Contexto intelectual y espiritual
San Anselmo de Canterbury nació en Aosta hacia 1033 y desarrolló su actividad intelectual y monástica principalmente en la abadía de Bec, antes de convertirse en arzobispo de Canterbury. Su pensamiento unió la oración, la vida monástica y la investigación racional. El papa Benedicto XVI presentó a san Anselmo como un pensador capaz de armonizar la experiencia mística, la enseñanza teológica, el gobierno eclesial y la defensa de la libertad de la Iglesia.
La formulación del argumento aparece en el Proslogion, obra redactada en 1078. San Anselmo buscaba un único razonamiento que reuniera y fundamentara los temas desarrollados anteriormente en el Monologion. El propio autor describió su búsqueda como la búsqueda de un único argumento capaz de sostener una meditación completa sobre la esencia divina.
El Proslogion no constituye un tratado filosófico desligado de la oración. San Anselmo escribe desde la fe y pide comprender racionalmente aquello que cree. La estructura de la obra alterna pasajes de oración con exposiciones argumentativas rigurosas, especialmente en los capítulos dedicados a la existencia y a los atributos de Dios.
La definición de Dios
San Anselmo parte de una definición:
Dios es aquello mayor que lo cual nada puede pensarse.
Esta fórmula no pretende describir un ser grande en sentido cuantitativo, como si Dios fuera simplemente el individuo más poderoso dentro de un conjunto de seres. Expresa, más bien, la idea de una realidad que posee la plenitud máxima de perfección y que no puede quedar subordinada a otra realidad superior.
La definición contiene varios elementos:
- Dios constituye el límite absoluto del pensamiento acerca de la perfección.
- Nada puede superar a Dios en grandeza, perfección o plenitud.
- La noción de Dios no equivale a una imagen sensible ni a una representación material.
- Incluso quien niega la existencia de Dios puede comprender intelectualmente la expresión utilizada para definirlo.
San Anselmo distingue entre dos modos de existencia:
- Existir en el entendimiento, como existe una idea comprendida por la mente.
- Existir en la realidad, como existe una cosa fuera del entendimiento.

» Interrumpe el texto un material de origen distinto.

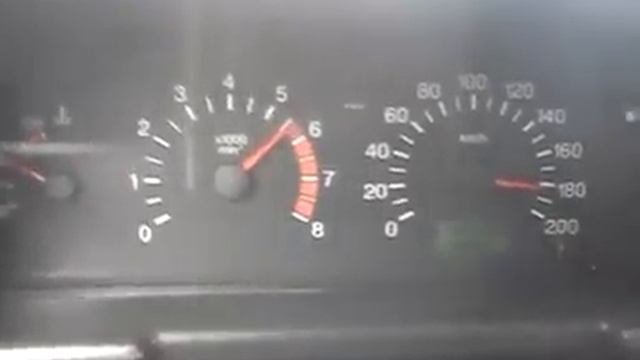 ВАЗ 2112 Разгон до максимальной скорости смотреть онлайн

Para explicar esta diferencia, compara la idea de una obra que el pintor concibe antes de realizarla con la obra ya ejecutada. El cuadro existe primero en la mente del artista y después existe también en la realidad.
Reconstrucción del razonamiento
El argumento puede expresarse en varios pasos:
- El ser humano comprende la definición de Dios como aquello mayor que lo cual nada puede pensarse.

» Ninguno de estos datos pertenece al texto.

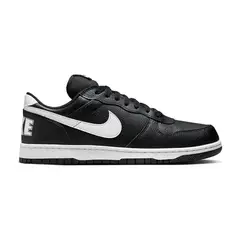 NIKE - Tenis Big Low Hombre-Negro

- Por tanto, Dios existe al menos en el entendimiento.
- Puede plantearse la hipótesis de que Dios exista únicamente en el entendimiento.
- Pero existir en la realidad resulta mayor que existir solamente en el entendimiento.
- Si Dios existiera únicamente en la mente, todavía podría pensarse algo mayor: un ser idéntico a Dios, pero existente también en la realidad.
- Esa posibilidad contradice la definición de Dios como aquello mayor que lo cual nada puede pensarse.
- Por consiguiente, Dios debe existir tanto en el entendimiento como en la realidad.
La conclusión no afirma simplemente que una idea intensa o universal produzca automáticamente una existencia real. San Anselmo sostiene que el caso de Dios resulta único porque la definición incluye la perfección absoluta. Una realidad que pudiera existir solamente en el pensamiento no sería la realidad máxima concebible.